= Beginning of Section =

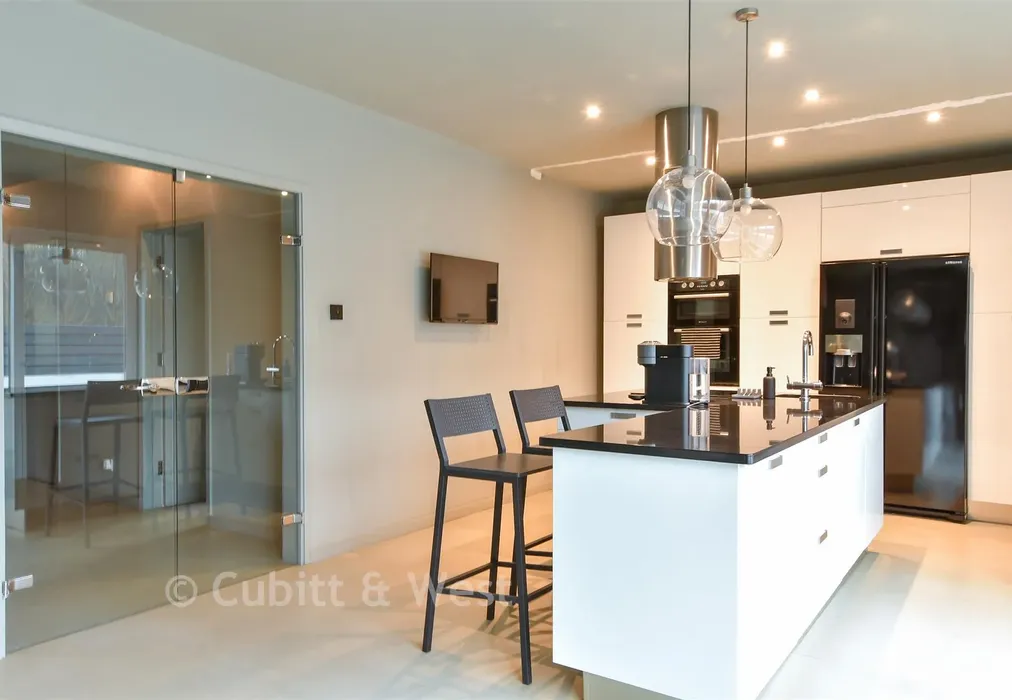 Kitchen/ Breakfast Room - Braypool Lane, Patcham, Brighton, East Sussex - Wards of Kent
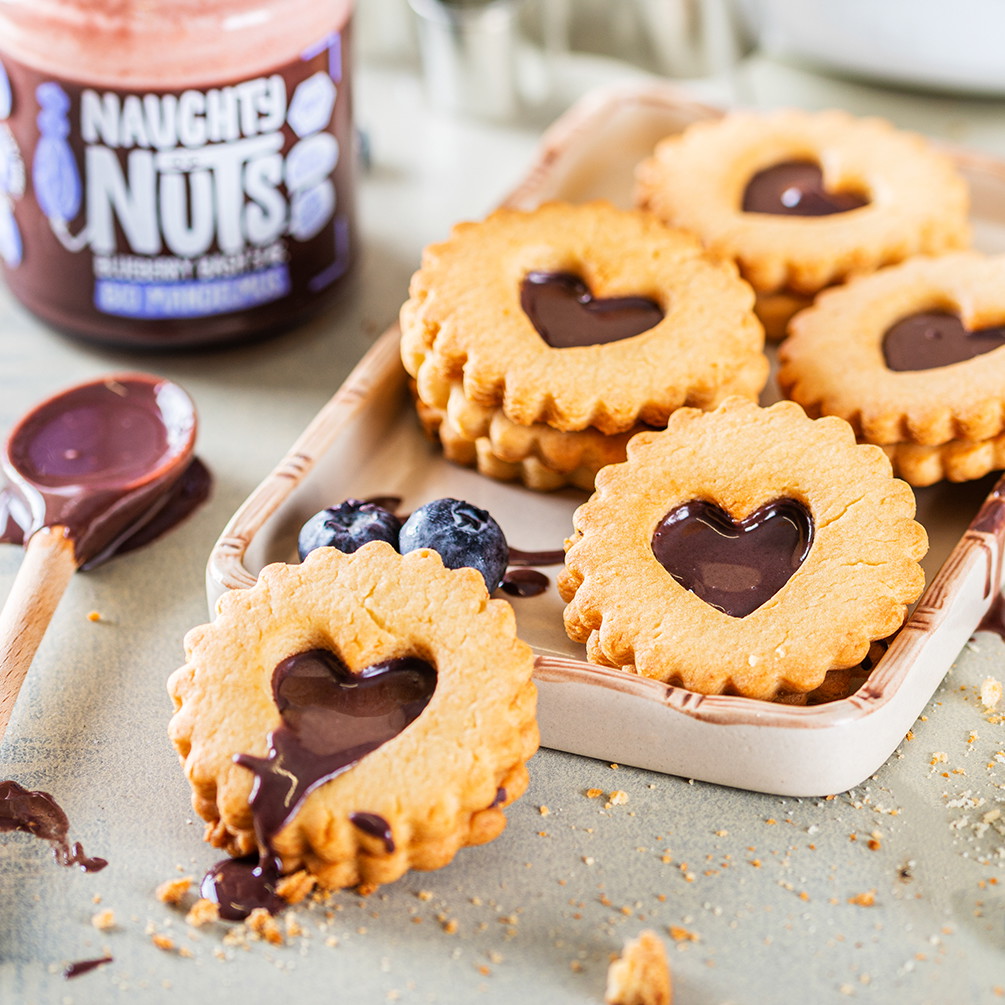 Spitzbuben mit Cashewmus gefüllt mit Blueberry Bash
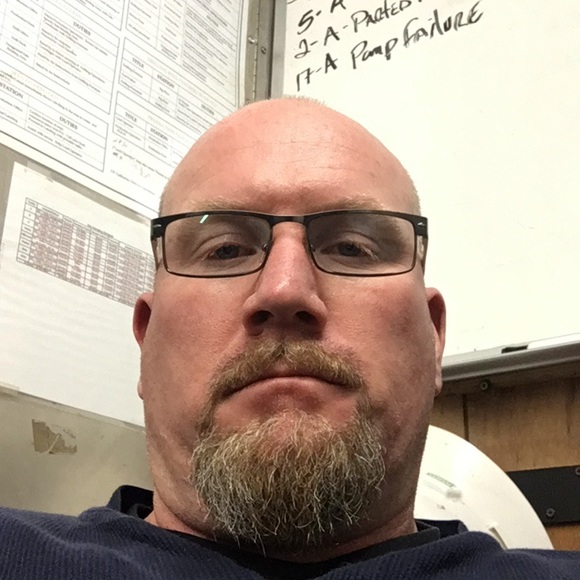 Profile Picture of Jeff Maser (@jmaser712) on Poshmark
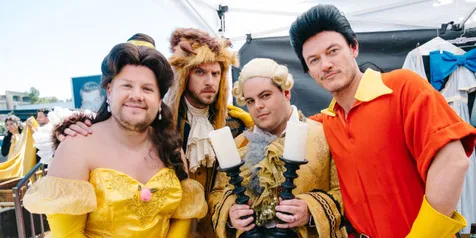 Apa Jadinya Jika Cast 'BEAUTY & THE BEAST' Perform di Jalanan?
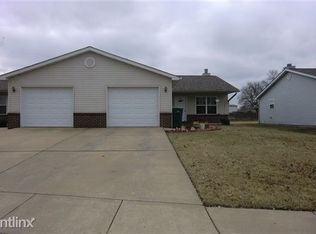 127 Autumn Pine Dr, Fairview Heights, IL 62208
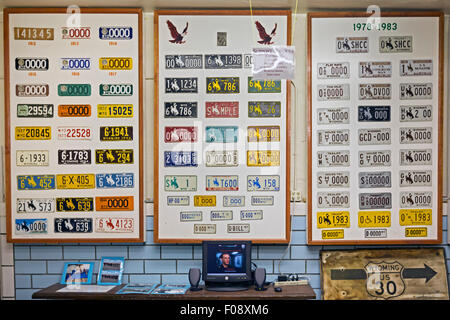Rawlins, Wyoming - un display delle targhe fabbricati da detenuti presso l'ex Stato del Wyoming penitenziario. Foto Stock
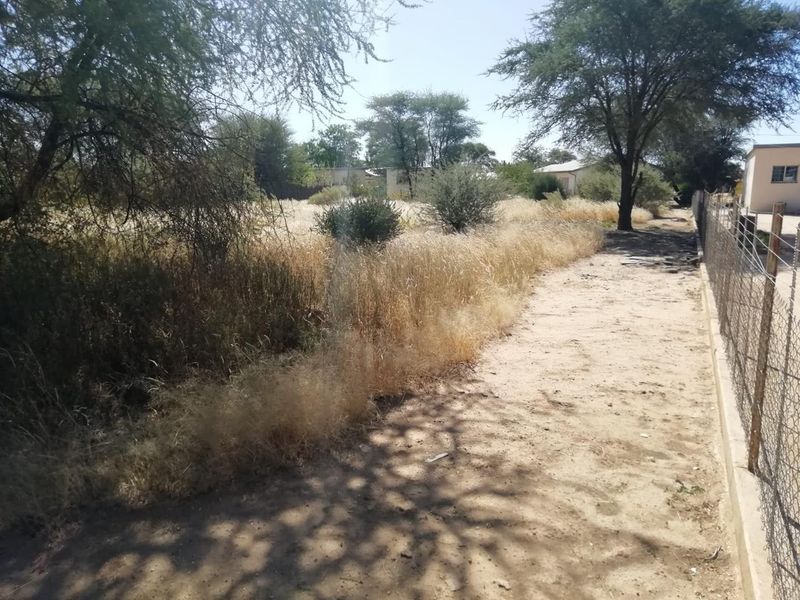 FOR SALE- RESIDENTIAL ERF IN OMARURU, NAMIBIA - Photo 4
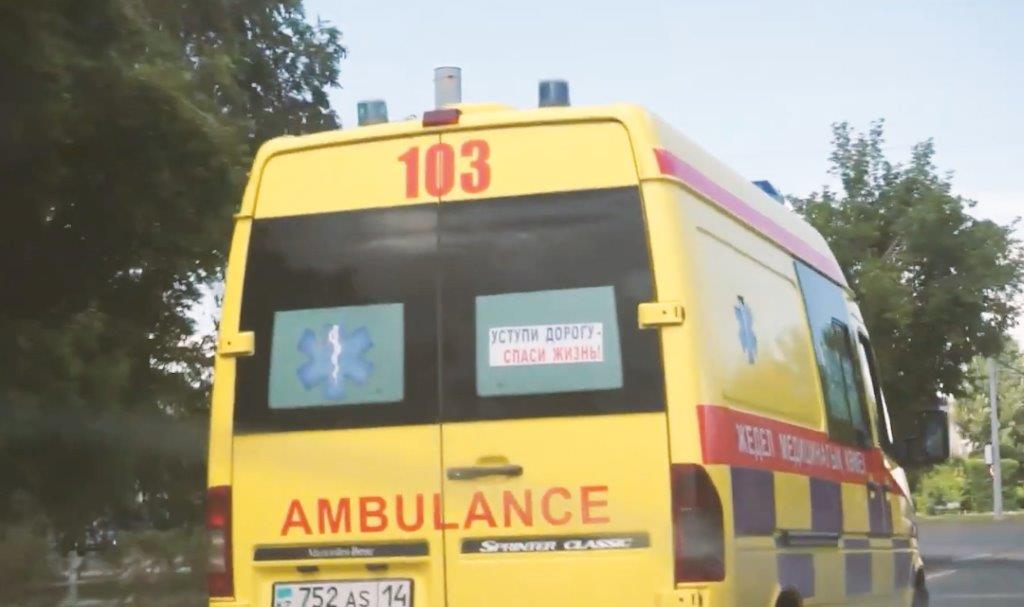 Фельдшеры скорой помощи в Экибастузе провели реанимацию прямо на автобусной остановке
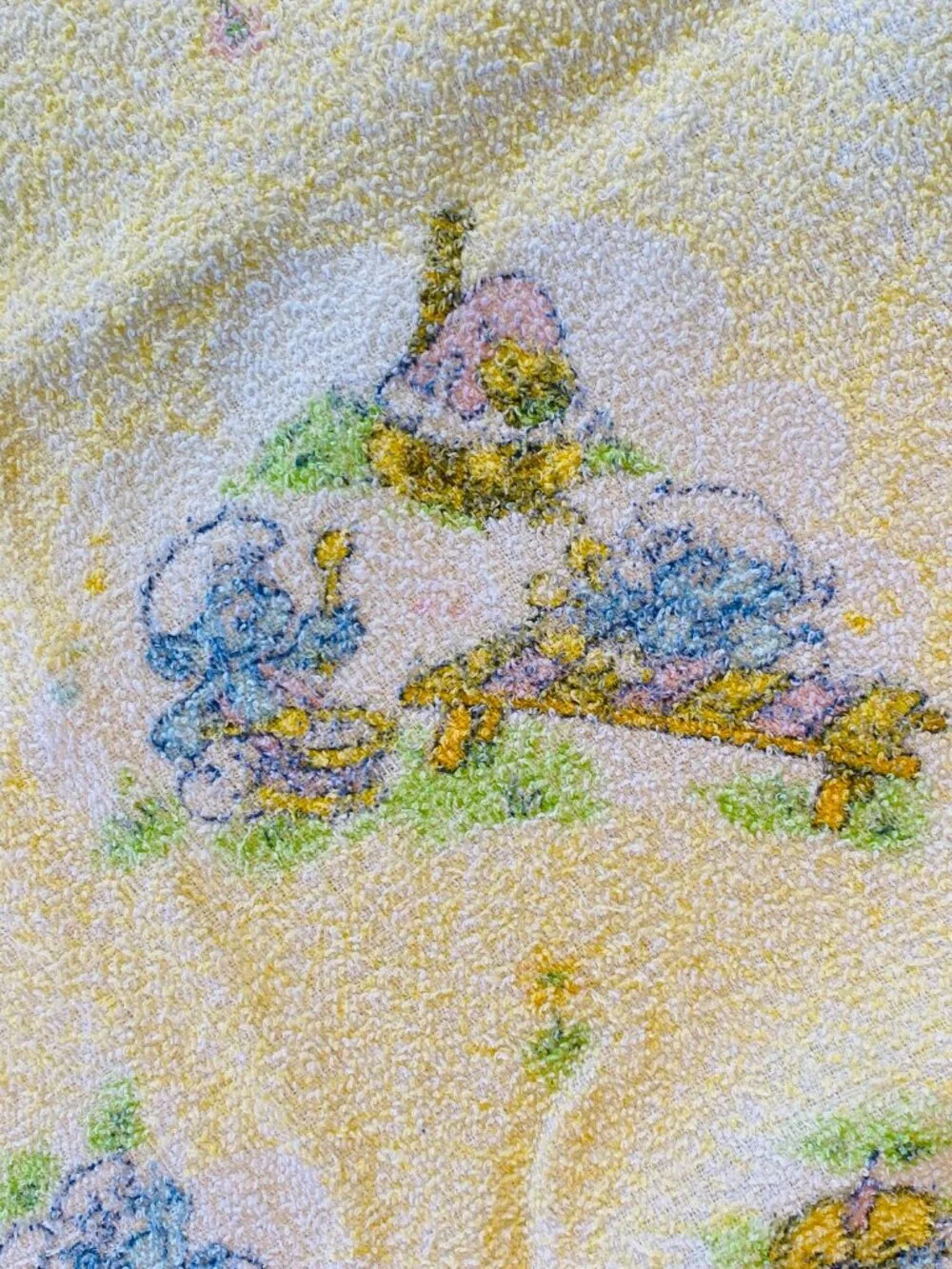 The Smurfs Vintage 1980s baby hooded bath towel 35 X 26 inches terrycloth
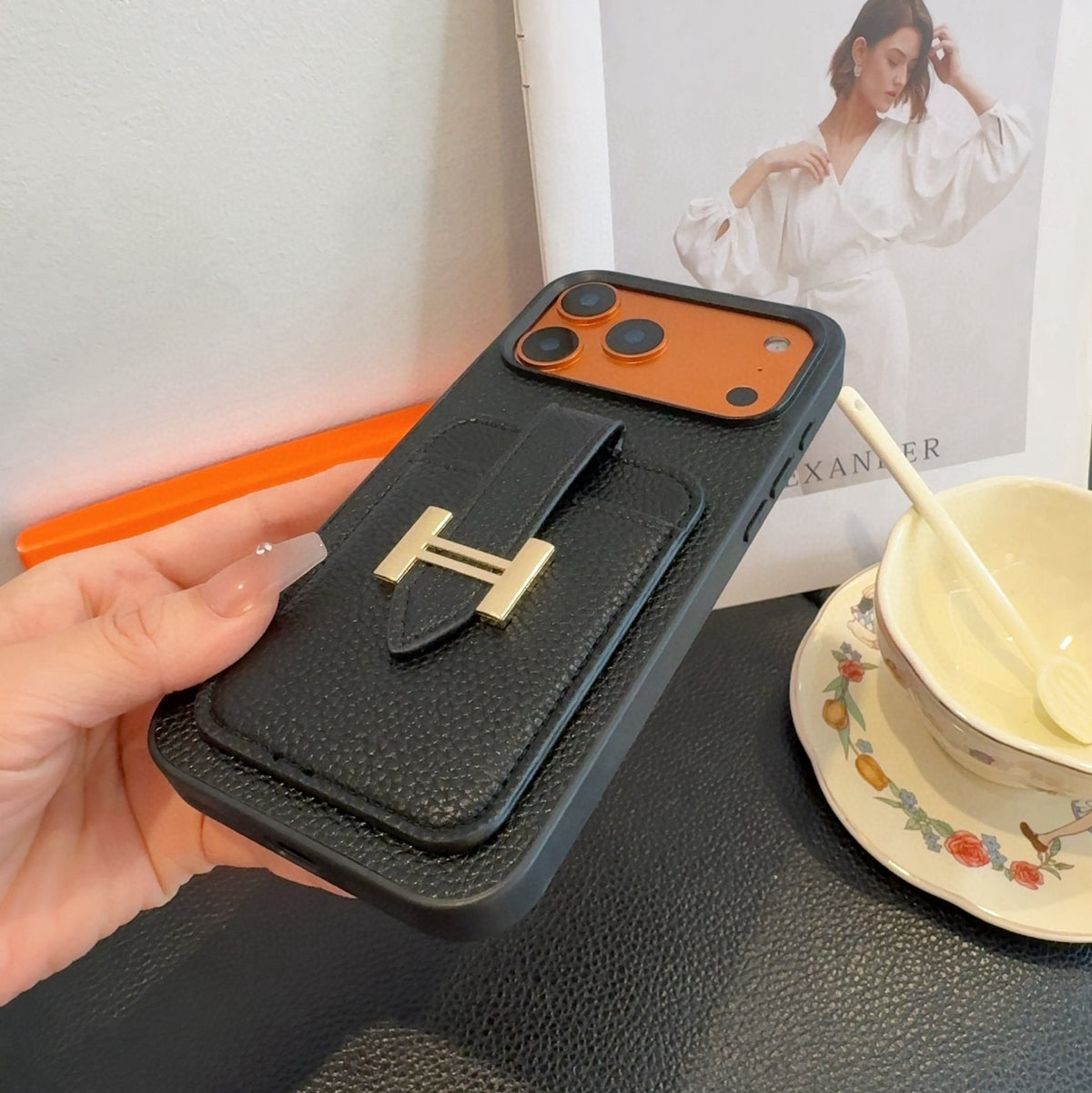 Fashion Aesthetic Shock Absorbing Protective Phone Case  He*mes Series、Fashion Phone Case
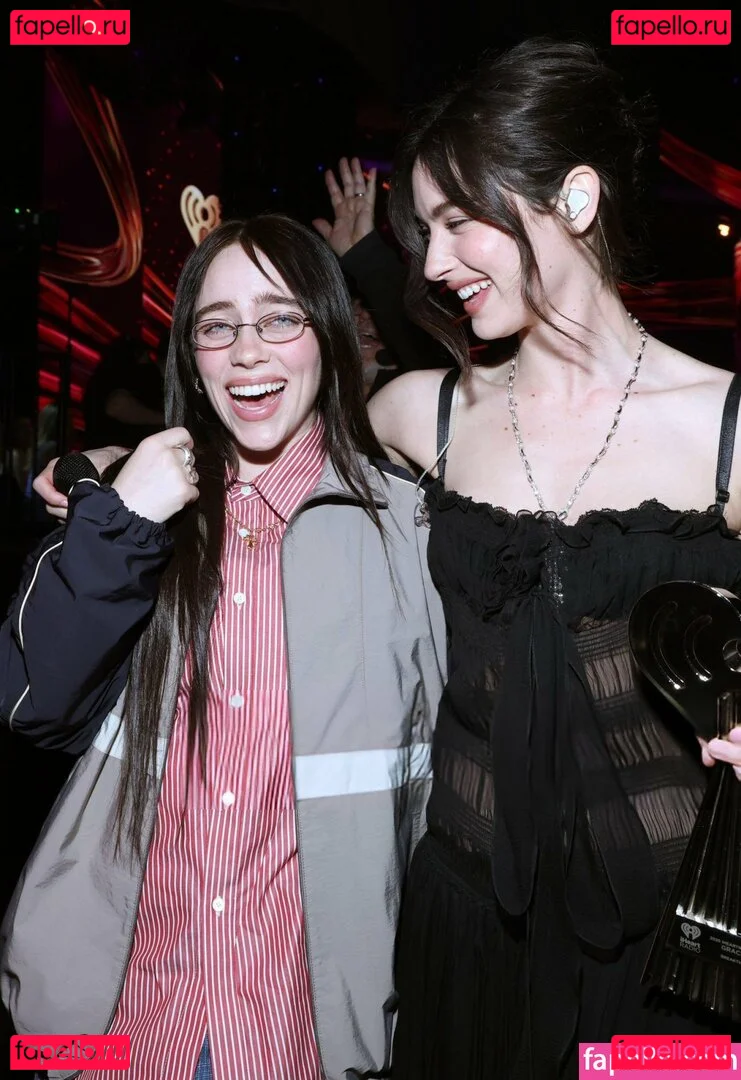 Gracie Abrams Onlyfans Photo Gallery 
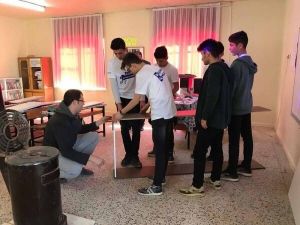 Liseli sağlıkçılardan köy okuluna destek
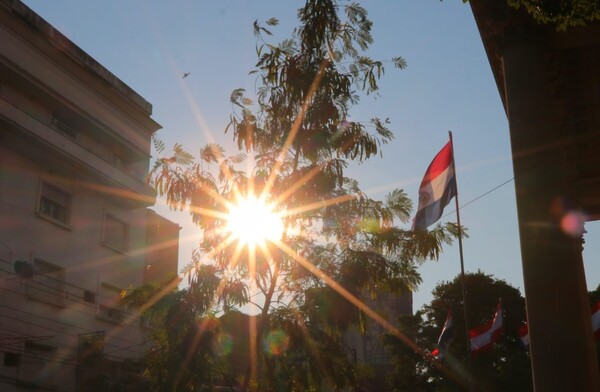 Meteorología anuncia altas temperaturas para el inicio de la semana - trece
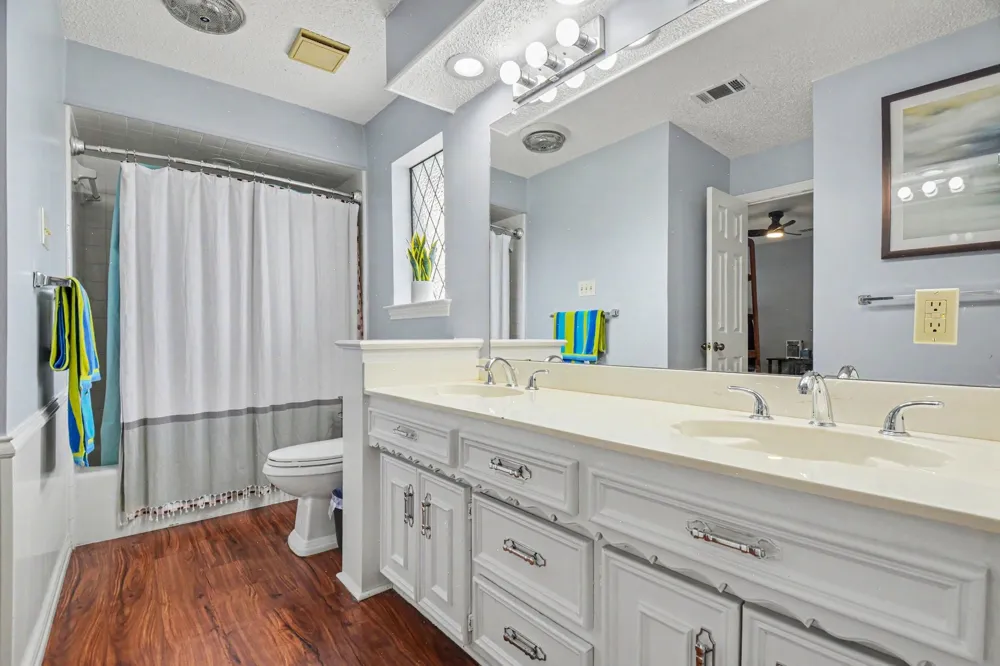 2212 Southern Court Carrollton, TX 75006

= End of Section =

- **Your task**:
Once the pictures are removed, reproduce the remaining entries above exactly.

- **Result of the task**:
 Kitchen/ Breakfast Room - Braypool Lane, Patcham, Brighton, East Sussex - Wards of Kent
 Spitzbuben mit Cashewmus gefüllt mit Blueberry Bash
 Profile Picture of Jeff Maser (@jmaser712) on Poshmark
 Apa Jadinya Jika Cast 'BEAUTY & THE BEAST' Perform di Jalanan?
 127 Autumn Pine Dr, Fairview Heights, IL 62208
Rawlins, Wyoming - un display delle targhe fabbricati da detenuti presso l'ex Stato del Wyoming penitenziario. Foto Stock
 FOR SALE- RESIDENTIAL ERF IN OMARURU, NAMIBIA - Photo 4
 Фельдшеры скорой помощи в Экибастузе провели реанимацию прямо на автобусной остановке
 The Smurfs Vintage 1980s baby hooded bath towel 35 X 26 inches terrycloth
 Fashion Aesthetic Shock Absorbing Protective Phone Case  He*mes Series、Fashion Phone Case
 Gracie Abrams Onlyfans Photo Gallery 
 Liseli sağlıkçılardan köy okuluna destek
 Meteorología anuncia altas temperaturas para el inicio de la semana - trece
 2212 Southern Court Carrollton, TX 75006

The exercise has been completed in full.